* _What is being asked_: All that is needed is an exact repetition of the lines from the one containing "Protesters with green" through the final line of the material, without pictures.

══ Data ══

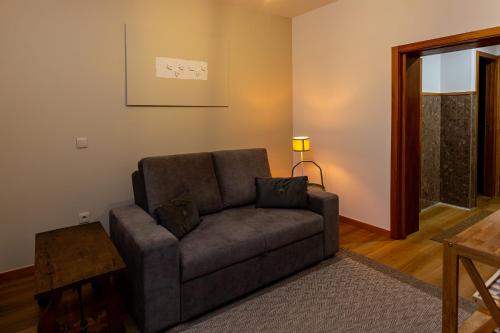 a living room with a couch and a table at 714 Mugnano House Aveleda in Vila do Conde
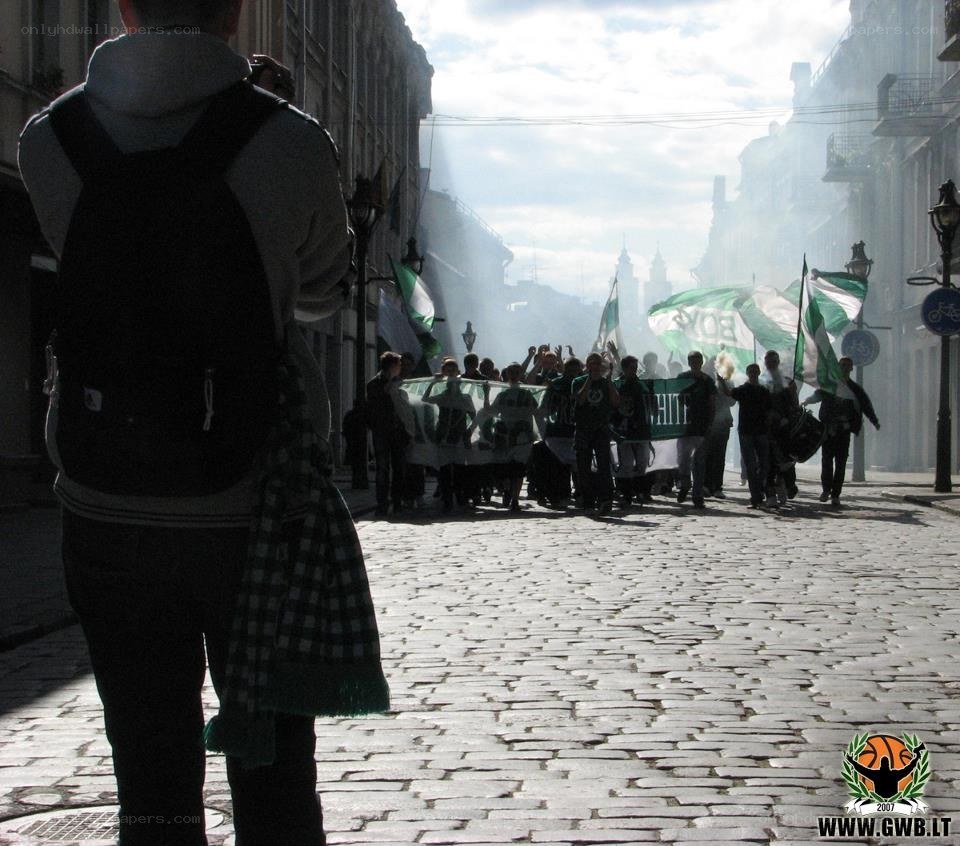 Protesters with green flags on cobblestone street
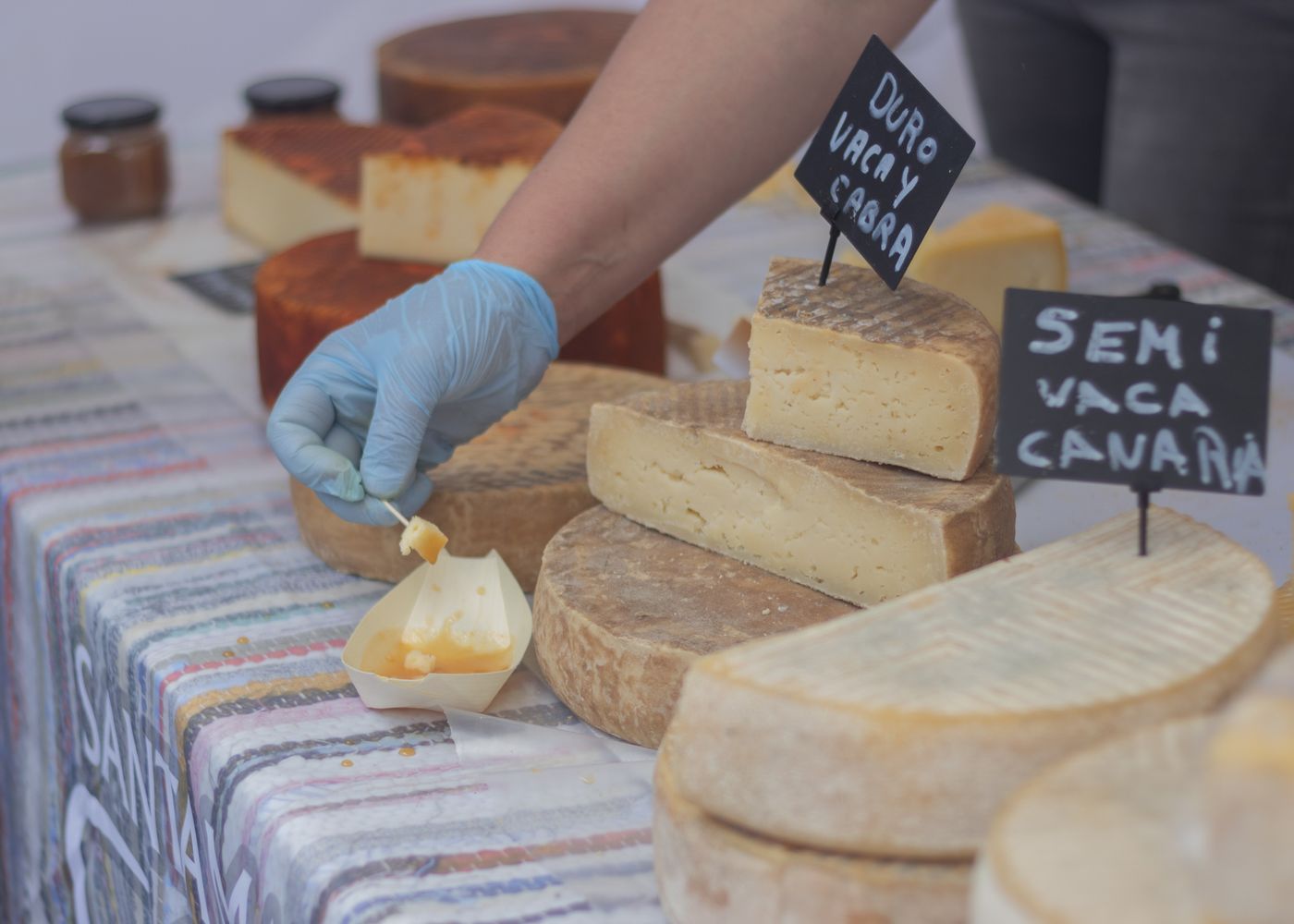 Rust-orange washed-rind wheels at a market stall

═══

* _Finished task_:
 Protesters with green flags on cobblestone street
 Rust-orange washed-rind wheels at a market stall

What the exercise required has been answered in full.